The SEM 2D and 3D profiles, recorded before and after corrosion, reveal the presence of a chromium oxide layer. In the case of samples from groups B and C, this layer appears particularly compact and smooth, indicating its protective nature. The formation of this oxide layer aligns with the corrosion mechanism, as it serves as a barrier between the sample surface and the electrolyte, effectively reducing metal dissolution and enhancing corrosion resistance. The increased compactness and uniformity of the oxide layer in sandblasted samples suggest that surface modification plays a crucial role in improving the stability and integrity of the passive film.

The surface analysis of corrosion traces, conducted using VegaTescan software version 3.5.0.0 and validated through ImageJ 1.5, provided significant insights into the corrosion behavior of the samples. Approximately 50 corrosion traces were measured, with a particularly high number observed in sample A, indicating a greater susceptibility to corrosion. The corroded areas initially formed in the nanometric range; however, only those that expanded to micrometric dimensions were characterized based on surface imaging. Sample A, exhibiting the lowest corrosion resistance as determined by linear potentiometry and Tafel analysis, displayed corrosion traces ranging from 5 to 10 μm, with an average of 6 μm and a standard deviation of 1 μm. Notably, no deep corrosion traces exceeding 1 μm in depth were observed in any of the samples. In contrast, samples B and C demonstrated significantly smaller corroded surface areas, measuring 175 μm² and 225 μm², respectively, compared to the 1250 μm² recorded for sample A. The smaller and more uniform corrosion traces in samples B and C suggest improved resistance, likely due to the presence of a more protective surface layer. Meanwhile, the larger deviations in corrosion trace dimensions in sample A can be attributed to surface variations, including morphological, chemical, and structural differences.

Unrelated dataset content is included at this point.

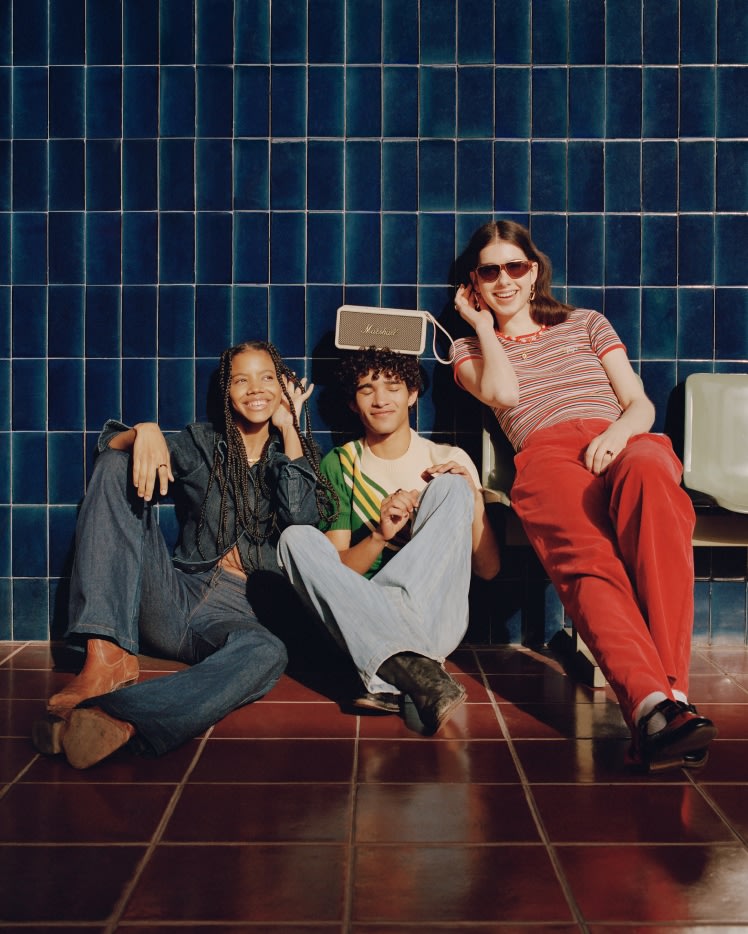 A group of people sitting on the floor in front of a blue tiled wall, with a white Marshall Middleton Cream speaker placed prominently amidst them.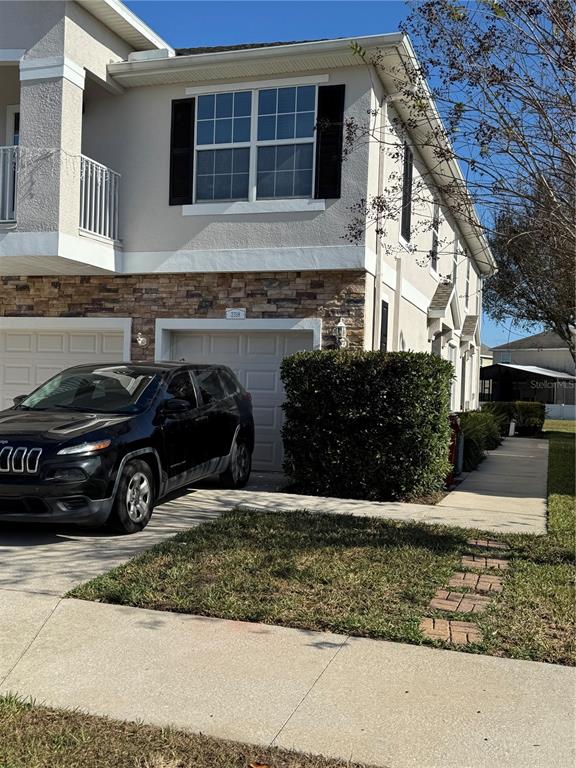 2318 Tanbark Ridge Place, Unit 2318 Plant City, FL 33563 - Photo 3 of 64 a car parked in front of a house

While the findings of this study demonstrate the significant impact of sandblasting treatments on the corrosion resistance, several limitations must be considered. Firstly, the study exclusively focuses on Co-Cr-W alloys processed via SLM and sandblasting as a surface pretreatment. Additionally, the testing environment utilized artificial saliva, which, although a standard in corrosion studies, does not fully replicate the dynamic and complex conditions of the oral cavity. Factors such as pH fluctuations, varying temperatures, and the presence of bacterial biofilms and salivary enzymes could further influence corrosion behavior and should be examined in future studies. The study’s short-term corrosion testing also limits its ability to predict long-term performance.

Future studies should focus on exploring different surface pretreatments methods, simulating complex oral environments, conducting long-term corrosion testing, and evaluating the impact of surface treatments on mechanical properties and bond strength. Additionally, linking these findings to clinical outcomes, such as prosthesis longevity, patient comfort, and biocompatibility, will provide a more comprehensive understanding of the practical implications of these treatments.

5. Conclusions

Within the limitations, the findings demonstrate that sandblasting treatments, particularly with alumina and glass particles, significantly enhance the corrosion resistance of Co-Cr-W alloys processed via SLM. Additionally, based on the oxide film capacitance results and impedance values at the lowest frequency, which indicate the barrier properties of the oxide layer, these treatments were found to promote the formation of a thicker, more stable chromium oxide layer, offering greater resistance to degradation and superior corrosion protection in aggressive environments.

As a result, these improvements contribute to increased longevity, enhanced biocompatibility, and reduced maintenance needs for dental prostheses. Furthermore, these advancements not only enhance the durability and safety of restorations but also provide valuable insights that can support the development of industry standards and protocols for manufacturing dental prosthetic applications using SLM and advanced surface treatments.